Chinese lawyer and politician

Wang Junfeng (王俊峰 (Wáng Jùnfēng); born 27 July 1962) is a Chinese lawyer and politician. He is currently the president of the All China Lawyers Association and also the global chairman of multinational law firm King & Wood Mallesons.

== Early life and education ==
Wang was born in Tonghua County, Tonghua, Jilin, in 1962.

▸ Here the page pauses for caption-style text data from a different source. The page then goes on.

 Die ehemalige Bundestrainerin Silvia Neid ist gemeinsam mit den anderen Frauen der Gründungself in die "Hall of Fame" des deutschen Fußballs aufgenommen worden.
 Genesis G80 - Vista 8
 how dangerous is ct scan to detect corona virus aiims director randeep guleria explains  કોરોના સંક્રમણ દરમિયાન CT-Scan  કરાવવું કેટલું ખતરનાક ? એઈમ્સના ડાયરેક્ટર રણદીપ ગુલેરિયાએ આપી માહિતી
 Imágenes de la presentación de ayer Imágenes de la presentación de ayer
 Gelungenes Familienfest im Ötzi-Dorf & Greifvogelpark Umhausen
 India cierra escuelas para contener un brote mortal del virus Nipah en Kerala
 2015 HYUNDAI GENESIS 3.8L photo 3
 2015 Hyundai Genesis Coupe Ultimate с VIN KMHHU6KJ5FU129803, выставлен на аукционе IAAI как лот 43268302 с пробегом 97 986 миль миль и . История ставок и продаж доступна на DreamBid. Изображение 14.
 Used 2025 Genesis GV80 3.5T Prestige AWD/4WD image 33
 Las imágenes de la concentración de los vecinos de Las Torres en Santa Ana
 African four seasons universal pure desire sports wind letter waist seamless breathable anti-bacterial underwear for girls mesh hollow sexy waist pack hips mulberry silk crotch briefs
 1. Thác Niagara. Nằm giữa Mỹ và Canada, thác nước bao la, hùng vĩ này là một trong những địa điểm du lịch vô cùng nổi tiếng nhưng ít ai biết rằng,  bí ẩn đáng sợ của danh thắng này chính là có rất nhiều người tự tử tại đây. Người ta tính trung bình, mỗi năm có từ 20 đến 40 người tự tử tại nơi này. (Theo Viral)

Wang received a Bachelor of Law and a Master of Law from Jilin University. He received a Master of Laws and a Doctor of Juridical Science from the University of California, Berkeley School of Law.

== Career ==
=== Professional ===
He was the principal founding partner of King & Wood PRC Lawyers, one of China's largest law firms before its 2012 combination with Australian firm Mallesons Stephens Jacques. Before founding King & Wood, Wang headed the Commercial Law Department of the China Global Law Office, which a section of the China Council for Promotion of International Trade. When private law firms were first permitted in China, Wang was among the first to launch a private firm. Wang has advised on many of China's landmark legal matters.

=== Political ===
Wang was a Chinese Communist Party delegate to the 11th and 12th National Committee of the Chinese People's Political Consultative Conference. In 2015, Wang courted controversy during the annual national conference because the proposed resolution he brought to the conference advocated official status for the Chinese calendar, rather than issues relating to the welfare of lawyers or the rule of law in China.

Wang was the president of the All China Lawyers Association.

Wang was also selected as one of China's Outstanding Lawyers by the Ministry of Justice of China.

Previously, he was the director of the Chamber of Commerce 2005 Committee. He was also a member of the Sixth Share Issue Audit Committee of the China Securities Regulatory Commission.